Which returns results like this:
+-------------------------------------------------------------------------------+
| n                  | x                  | r              | y                  |
+-------------------------------------------------------------------------------+
| Node[1]{name->"A"} | Node[1]{name->"A"} | :DEPENDS[1] {} | Node[3]{name->"C"} |
| Node[1]{name->"A"} | Node[1]{name->"A"} | :DEPENDS[0] {} | Node[2]{name->"B"} |
| Node[1]{name->"A"} | Node[3]{name->"C"} | :DEPENDS[3] {} | Node[5]{name->"E"} |
| Node[1]{name->"A"} | Node[3]{name->"C"} | :DEPENDS[2] {} | Node[4]{name->"D"} |
+-------------------------------------------------------------------------------+
4 rows, 31 ms

From here, it's a small matter of programming to iterate through these results, and generate an XML representation (for example, GraphML style) - like this:


<graph start="1">
  <node id="1">
    <data key="d0">A</data>
  </node>
  <node id="3">
    <data key="d0">C</data>
  </node>
  <edge id="e1" source="3" target="1">
    <data key="d1">DEPENDS</data>
  </edge>
  <node id="2">
    <data key="d0">B</data>
  </node>
  <edge id="e0" source="2" target="1">
    <data key="d1">DEPENDS</data>
  </edge>
  <node id="5">
    <data key="d0">E</data>
  </node>
  <edge id="e3" source="5" target="3">
    <data key="d1">DEPENDS</data>
  </edge>
  <node id="4">
    <data key="d0">D</data>
  </node>
  <edge id="e2" source="4" target="3">
    <data key="d1">DEPENDS</data>
  </edge>
</graph>


The first column of the result - N - is simple used to infer the start node. In this case, it's "A" - as specified by the query.

3 comments:

Hendy said...

It's interesting. How is it different (or better?) than exporting the entire neo4j graph as GraphML using Blueprints?
( http://stackoverflow.com/questions/2204440/convert-neo4j-db-to-xml )

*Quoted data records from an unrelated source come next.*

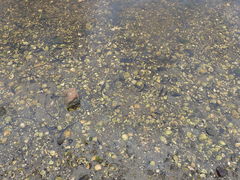 Potamopyrgus estuarinus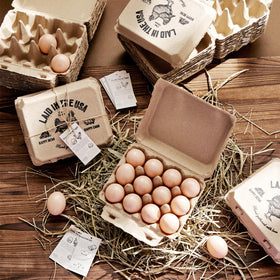 Maxdot cartons include instruction cards and jute rope for easy handling.
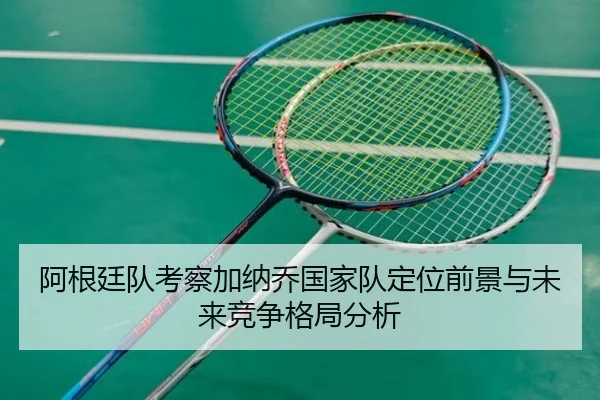 阿根廷队考察加纳乔国家队定位前景与未来竞争格局分析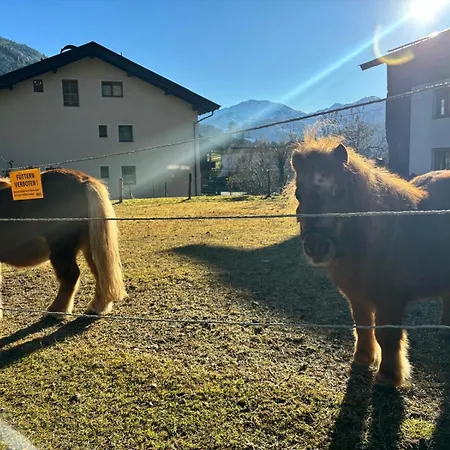 Ferienhaushaelfte Am Huberhof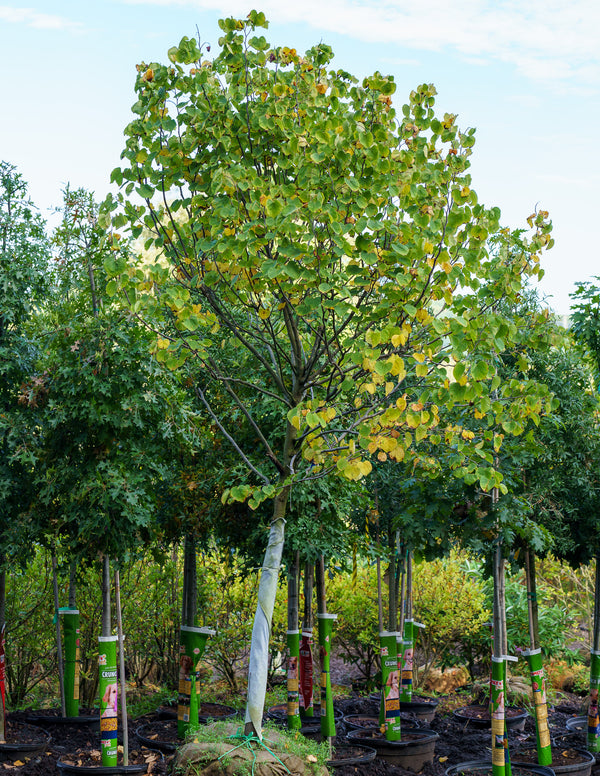 Rising Sun Eastern Redbud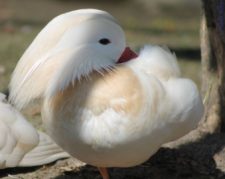 فروش جوجه اردک ماندارین سفید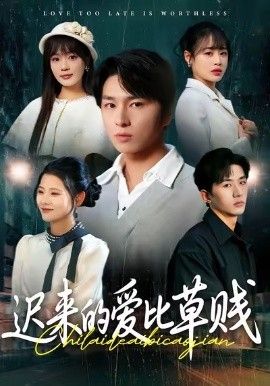 迟来的爱比草贱封面图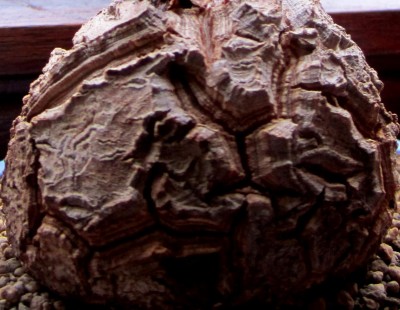 Caudex-Elephantipes.jpg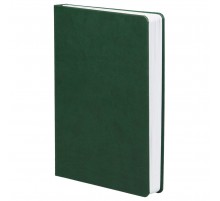 Ежедневник Basis, датированный, зеленый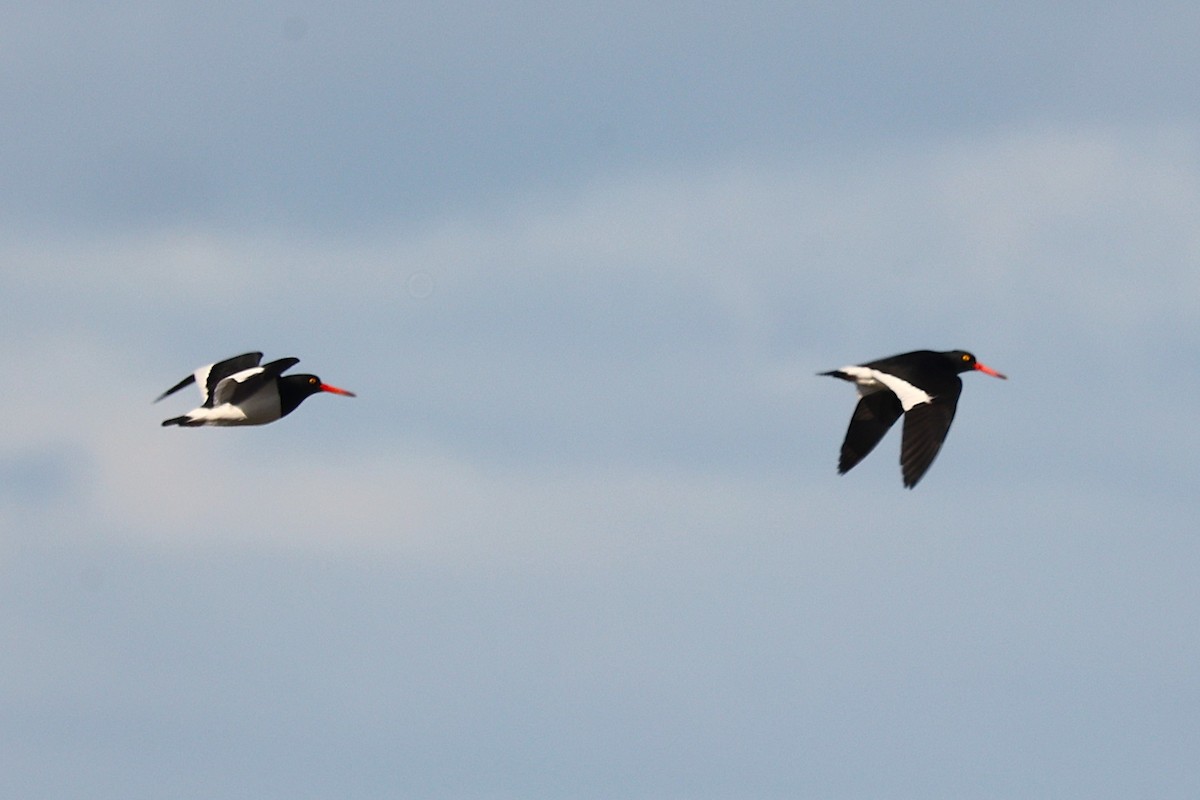 マゼランミヤコドリ - ML644289860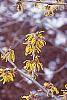 Hamamelis x intermedia flowers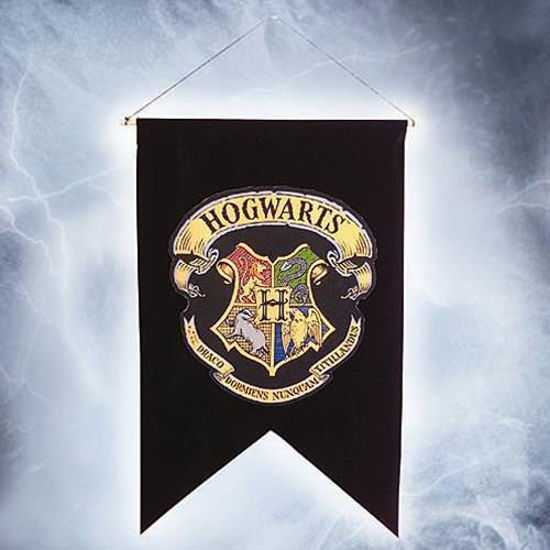 Picture of Hogwarts School Banner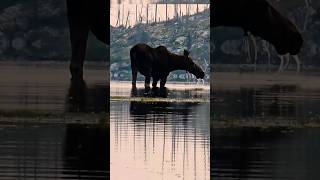 Moose does the happy dance after cooling swim 🦌💃✨ [upl. by Audres]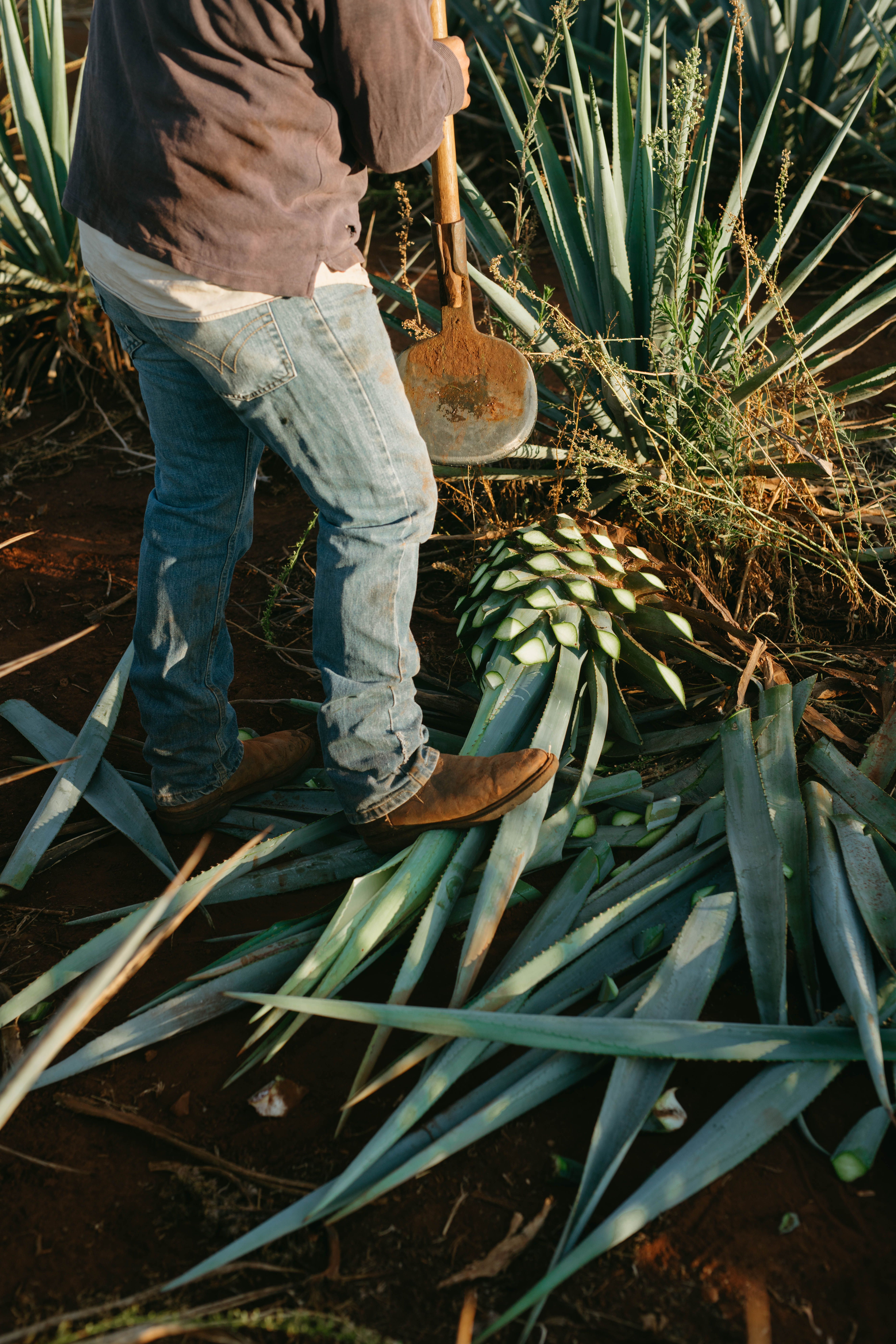 agave syrup deutsch DaVinci Gourmet Natural Agave Syrup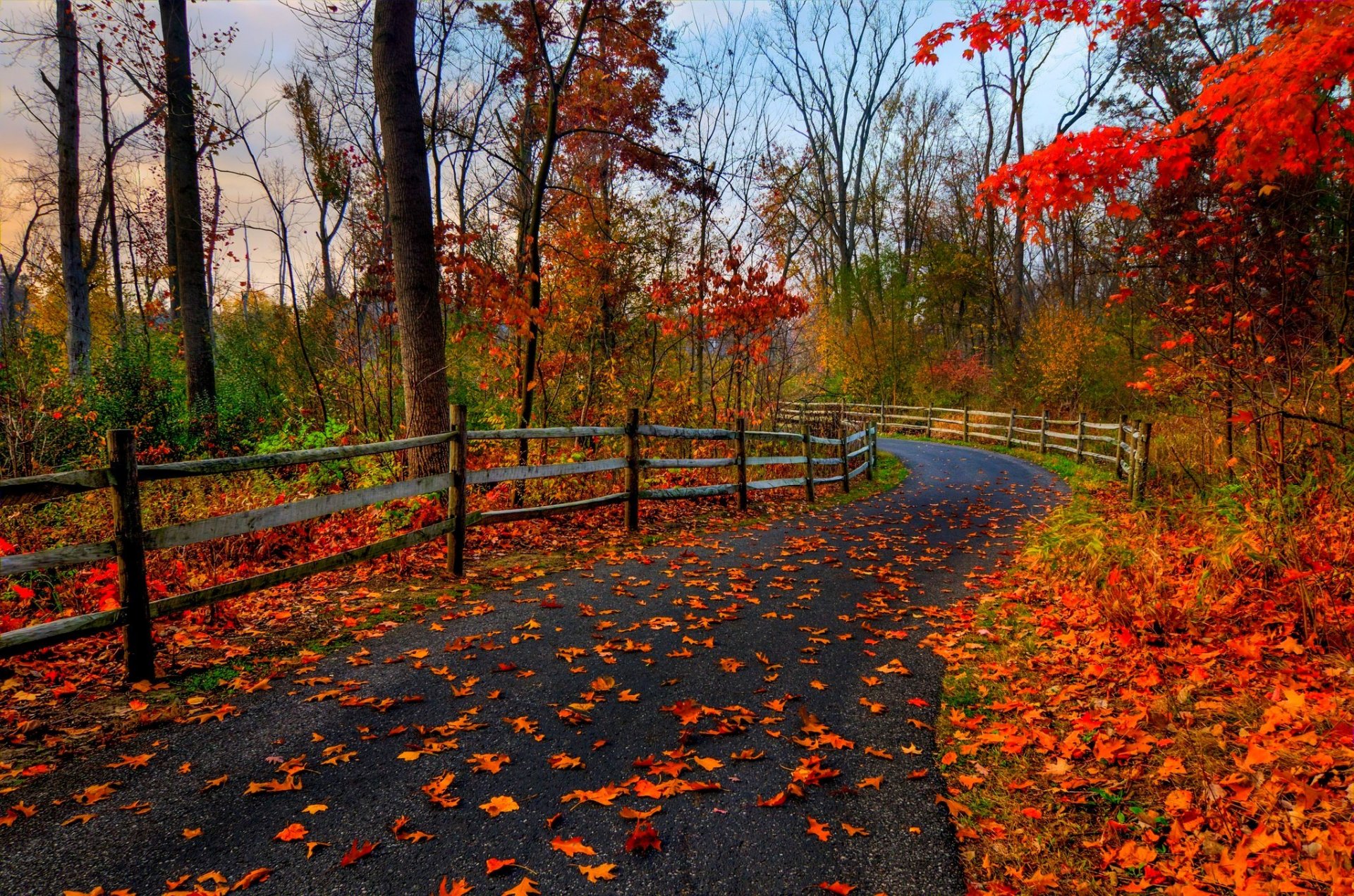 nature forest park trees leaves colorful road autumn fall colors walk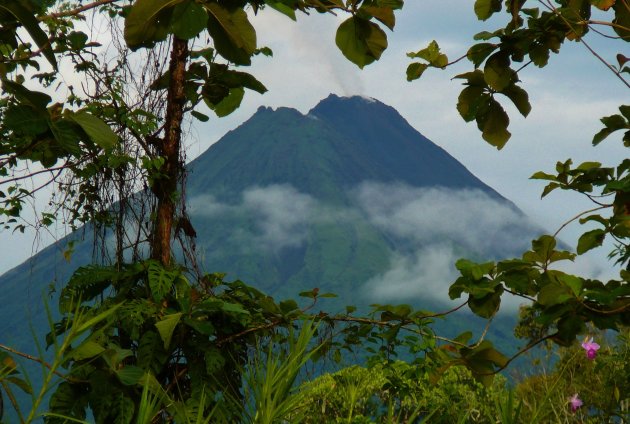 EL ARENAL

Perhaps to export only a part of the graph?

Evan said...

good point.

I'm fairly new to graphs from within Java - and haven't done anything with Blueprints.

It does indeed seem simple to export an entire graph that way.

I guess, I was coming at the problem from a few angles:

- being able to export a subgraph - in essence, the results of a query
- using the Cypher language for that query
- and having fine grained control of the output.

But, the Blueprints framework does look interesting from an abstraction point of view.

cheers,
Evan

Unknown said...

can you please give us the simpl code of programming to generate an xml file from a neo4j DB using java because i have a project in this and i need it thanks for helping !!